Scalable Design Systems: Developed and integrated a cross-channel experimentation framework into the core design system, enabling consistent A/B testing patterns across multiple platform area teams.

AI Choice Architecture: Defined the interaction principles for generative AI within the workflow, balancing user autonomy with curated options to mitigate choice paralysis and cognitive load.

Data-Informed Direction: Utilized in-product A/B testing and quick usability testing to drive product decision making and inform design direction.

Problem

Through data analysis in Looker, I found that although experimentation is critical to marketing performance, only 0.34% of Mailchimp campaigns used A/B testing.

95% of users had not used A/B testing in Mailchimp

Interviews revealed marketers avoided the feature because the setup process was misaligned and limiting.

This created a competitive risk as users churned to platforms with easier experimentation workflows.

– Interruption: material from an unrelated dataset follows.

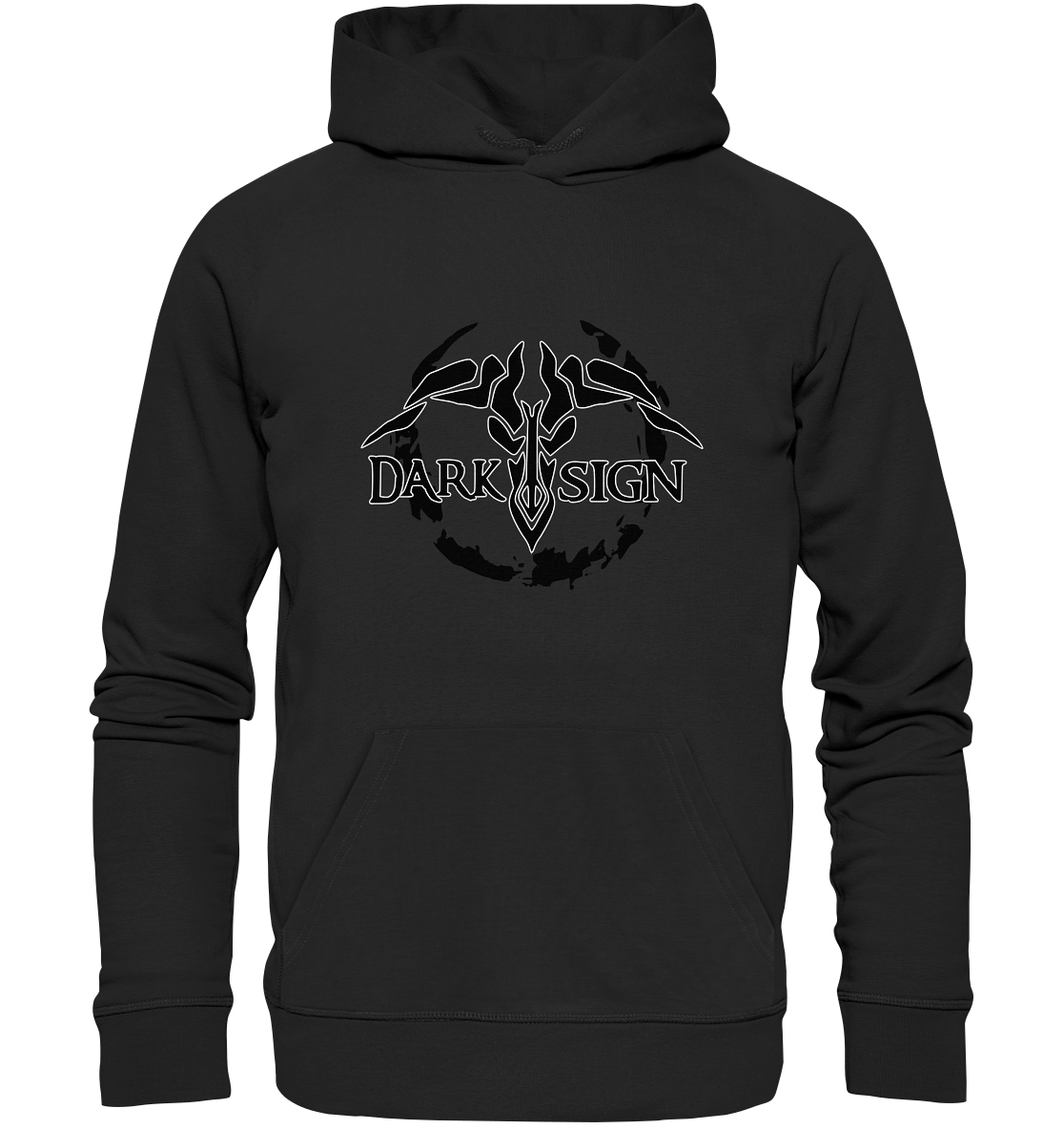 "Darksign" - Organic Hoodie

"The biggest difference between Mailchimp and (competitor), and one of the main reasons we switched, was the ability to A/B test automations”

Goal

Improve experimentation adoption through an increase in exploration, usage, and retention

Increase monthly usage to align with business churn risk reduction metrics

old experience

Below are key screens in the old workflow

Old workflow had low discoverability & usage rates

Research & Key Insights

Methods

Each stage of the process required different methodologies that required aligning goals, timelines, and effectiveness.

20 user interviews

Analytics review

Competitive research

Concept testing

Usability testing

Insight #1

Marketers' A/B testing needs evolve with their marketing capabilities

Early career marketers need more guidance & quick, simple tests to learn about their general audience, & advanced marketers need the ability to test more specific hypotheses.

process

User interviews were conducted with marketers of varying experience & company sizes

Personas were created to guide future designs

Design implications

Balance a feature set & layout that allows for simple & advanced tests

Personas of novice & advanced marketers

Insight #2

Marketers create their base campaign before creating test variations

Users were observed to create base campaigns first to meet their core campaign needs, before adding test variations to test hypotheses.

process

Contextual inquiry showed users creating campaigns completely first, and then adding variants

In product A/B testing revealed that the test creation entry point needed to be placed after a user creates a campaign

Journey map was created to outline the user's process

Design implications

The test creation entry point was placed in context and test details would be set after the base campaign was created

Journey map of the process

Insight #3

Marketers view test variations as independent from each other

Users have a mental model of sending out individual emails that can be freely edited, which disproved the previous model of users sending out a single email with variants only in a specific field.

process

User interviews revealed flaws in the current mental model & what an accurate model was

Concept testing verified this with tangible workflows

Design implications

Allow test emails & assets to be independently edited

Single email with 3 field variants

3 emails with field variants

Insight #4

Marketers need approachable language to explore testing

Users were confused with terms such as 'Multivariate testing' which resulted in hesitancy in exploring testing.

process

User interviews, card sorting, & surveys showed that simpler terms provided clarity about A/B testing

Glossary of terms

Design implications

Branding of the product and content terms were more intuitive & approachable

Key Design Decisions

Decision #1

Entry point placed by the field to tested

Placement of the test CTA was determined by A/B testing in product

Options

We experimented with placing the CTA earlier in the current funnel, as well as various spots of the campaign creation page.

decision making

The CTA was placed by the field to be tested through

Sustained exploration rate increase through in product A/B testing

Matches user research insights on when users want to create a test

Testing various entry point locations

Decision #2

Hybrid workflow between campaign & A/B test creation

I designed & validated an intuitive workflow that balanced existing creation workflows with A/B testing

Options

There were 3 options on how to integrate the A/B testing creation experience

Single page experience: Add A/B testing features to the campaign page

Two separate experiences: Keep campaign creation page as is, & add A/B test actions on a separate page

Hybrid experience: Add A/B testing variation creation to the campaign creation page, and add A/B test detail creation on a separate page

3 different workflow options

decision making

The hybrid approach was selected through

Moderated interviews revealed distinct stage of base creation, test variation creation, and review

Constant validation check-in's with subject matter experts (internal marketers)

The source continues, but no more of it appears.